Structural loads on a pitched warm roof must be considered differently from those on a traditional ‘cold roof’, where the weight of the roof covering is supported directly by the rafter. On a warm roof the weight is taken up by the counterbattens, which are laid on top of the insulation, a non-structural element. The counterbatten effectively reproduces the rafter above the insulation and it is essential therefore that it becomes a structural member to which the tile batten can be fixed and, at the same time, hold down the insulation against wind suction. InSkew has been designed to do just this, resisting both the sliding and compressive loads of the roof covering while counteracting the tensile loads caused by wind uplift.
As insulation thicknesses increase so do the sliding or bending loads that are imposed on the counterbatten. The laid weight of the roof covering and the roof pitch both affect the sliding load as the heavier the tile and the steeper the roof, the greater the load becomes. However, the snow load, which must be considered in the overall assessment, starts to decline at approximately 40º.
A consequence of the sliding load is that under the weight of the roof covering the insulation could compress, impairing its thermal performance. However, InSkew, unlike traditional fixings, effectively withstands both sliding loads and compression loads.

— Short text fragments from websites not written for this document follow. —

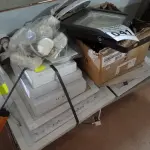 LOTE 041 - 01 LOTE COM VÁRIAS LUMINÁRIAS MARCAS E MODELOS DIVERSOS. (NO ESTADO) ATENÇÃO! FAZER A VISITAÇÃO ANTES DE ARREMATAR, NÃO SABEMOS SE FUNCIONA. LEILÃO NÃO TEM GARANTIA E NEM DEVOLUÇÃO, SUJEITO A POSSÍVEIS AVARIAS VISÍVEIS/OCULTAS E/OU AUSÊNCIA DE COMPONENTES.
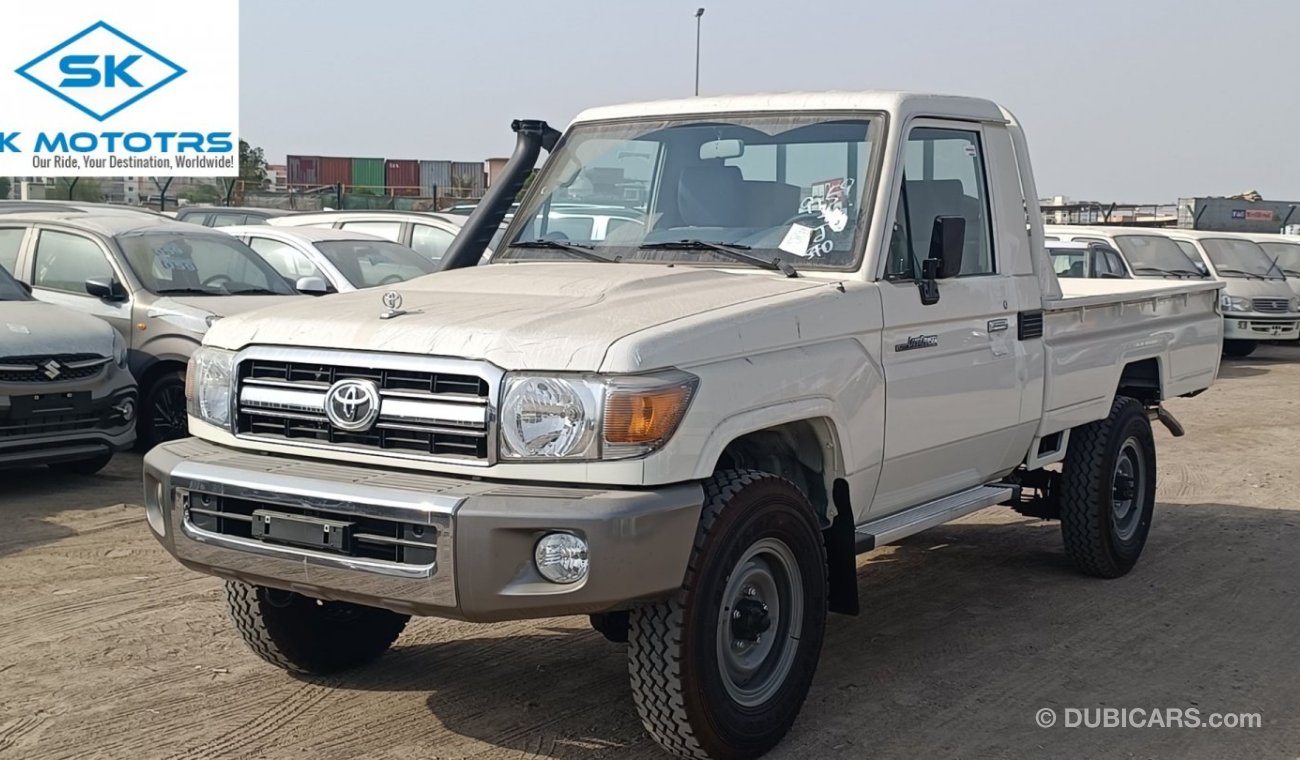 Toyota Land Cruiser Pick Up 4.2L Diesel, M/T, 4x4, Double Tank & Fog Lights(CODE # 67788)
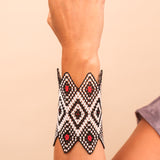 pulseiras-kuikuro-indigena-comprar-banner-site-tucum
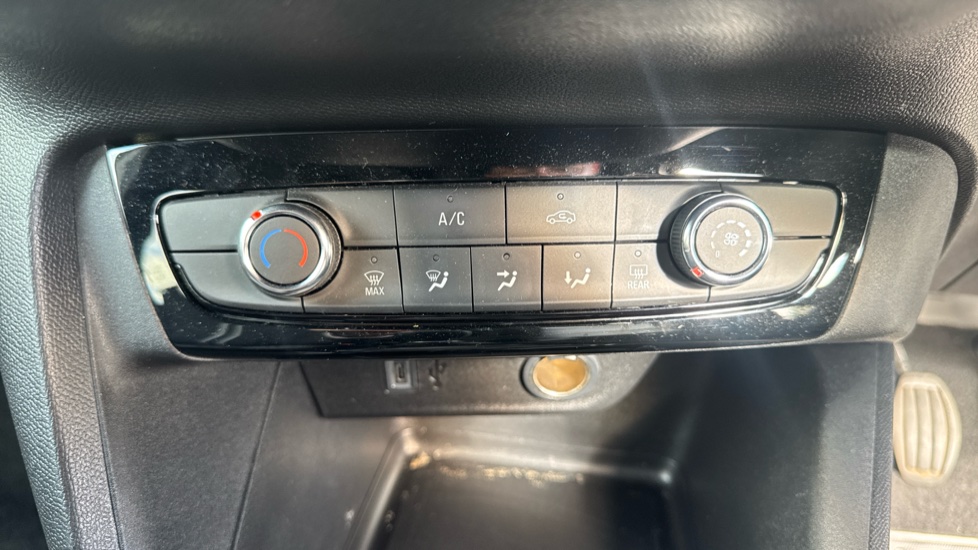 Vauxhall Corsa 1.2 GS 5dr Petrol Hatchback - Image 41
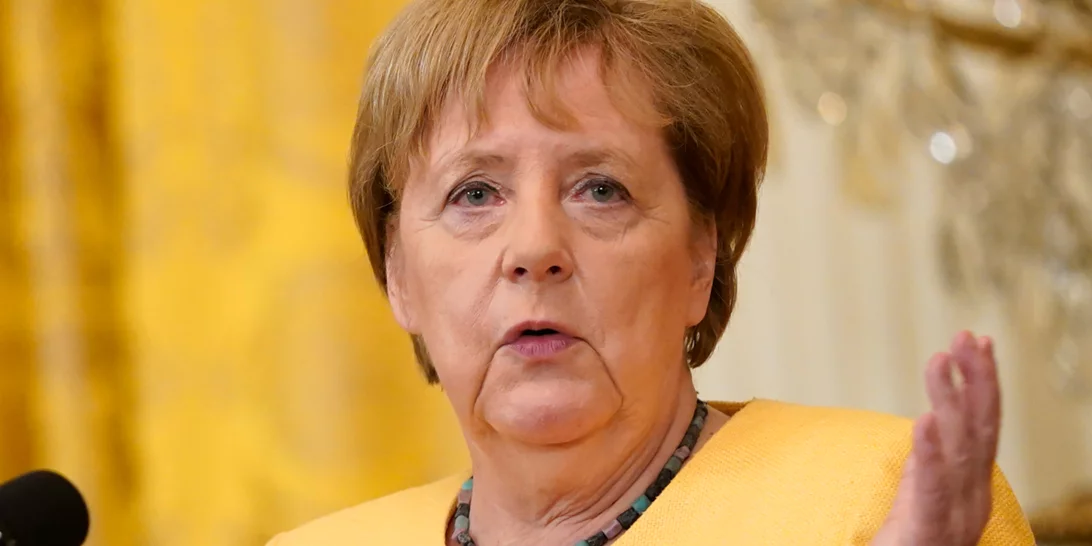 Ο συγκινητικός αποχαιρετισμός του Μακρόν στην Ανγκελα Μέρκελ με κρασιά και λουλούδια [εικόνες]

The counterbatten (usually 25mm-50mm thick and 38mm-50mm wide) must be thick enough to grip the InSkews and enable them to resist the wind uplift. It must not buckle under the sliding load between fixings and must be wide enough to meet the manufacturers requirements for clamping the insulation. Wind suction will be affected by the anticipated wind speed, the height of the building, the site exposure and the local topography.